A punk-hair boy with an earring
and black nails will teach you how to strum.
You call from the dorm.
Three drunk roommates sing
in the background and offer you a bottle,
but you’d rather slurp a popsicle
than beer. Tonight you wrote a song.
That’s why you called.
There has always been a song.
Photo by Rollie Kenna
Anne Sexton, in her 30’s
leans back on her cloth-covered chair
with its plaid, curtained trim
and props her feet over her desk
against blue wallpaper.
She wears loose-fitting dark slacks,
a button-down white shirt, long-sleeves
cuffed up, and flats, probably without Peds.
Her dark hair is styled for the 50’s,
red lipstick, thin brows.
It’s morning and sheets of light
cover the corner of the floor.
She hasn’t begun her daily writing ritual
though everything is ready:
notebooks stacked beneath her desk,
piles on the fold-up table
next to the bookshelf.
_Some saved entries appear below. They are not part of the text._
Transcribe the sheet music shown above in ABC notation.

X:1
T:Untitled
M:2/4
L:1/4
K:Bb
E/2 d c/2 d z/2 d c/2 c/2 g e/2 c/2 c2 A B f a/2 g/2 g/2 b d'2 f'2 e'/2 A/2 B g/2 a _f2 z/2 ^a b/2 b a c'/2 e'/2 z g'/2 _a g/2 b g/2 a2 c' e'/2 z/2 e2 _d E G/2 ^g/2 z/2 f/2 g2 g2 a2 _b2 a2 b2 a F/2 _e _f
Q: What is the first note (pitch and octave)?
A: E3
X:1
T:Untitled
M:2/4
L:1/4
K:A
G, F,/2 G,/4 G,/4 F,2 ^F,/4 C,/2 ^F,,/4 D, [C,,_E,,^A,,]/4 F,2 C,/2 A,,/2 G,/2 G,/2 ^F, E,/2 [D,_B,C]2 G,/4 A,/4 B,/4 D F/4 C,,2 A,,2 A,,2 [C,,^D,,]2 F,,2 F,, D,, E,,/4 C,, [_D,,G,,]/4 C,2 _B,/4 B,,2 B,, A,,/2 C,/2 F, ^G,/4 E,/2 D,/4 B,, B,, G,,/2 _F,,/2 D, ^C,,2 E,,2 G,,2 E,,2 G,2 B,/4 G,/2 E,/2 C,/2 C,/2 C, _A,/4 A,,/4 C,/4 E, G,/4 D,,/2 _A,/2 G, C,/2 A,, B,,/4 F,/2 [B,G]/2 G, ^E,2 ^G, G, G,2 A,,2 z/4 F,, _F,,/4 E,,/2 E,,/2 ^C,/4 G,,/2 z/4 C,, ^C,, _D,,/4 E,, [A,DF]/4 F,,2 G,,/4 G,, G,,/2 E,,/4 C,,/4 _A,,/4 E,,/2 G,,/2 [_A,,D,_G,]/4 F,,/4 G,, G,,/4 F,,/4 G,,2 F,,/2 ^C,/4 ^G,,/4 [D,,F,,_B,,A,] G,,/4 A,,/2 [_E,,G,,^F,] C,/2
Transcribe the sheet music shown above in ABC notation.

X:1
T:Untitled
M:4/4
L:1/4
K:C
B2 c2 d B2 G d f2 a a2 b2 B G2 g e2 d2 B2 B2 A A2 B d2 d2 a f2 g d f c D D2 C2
Typewriter,
box of bare paper.
She’s taking a moment to be with Rollie,
looks to her left, into the camera,
not smiling yet, not ready for the shot.
It is 1961. She’s just starting
to get noticed. Publications, but
no Pulitzer yet. Just beginning
to risk writing about stuff that will shame
the press. Women’s stuff,
like abortion and masturbation.
The camera begins, as a bit of fear catches
in the corner of her mouth.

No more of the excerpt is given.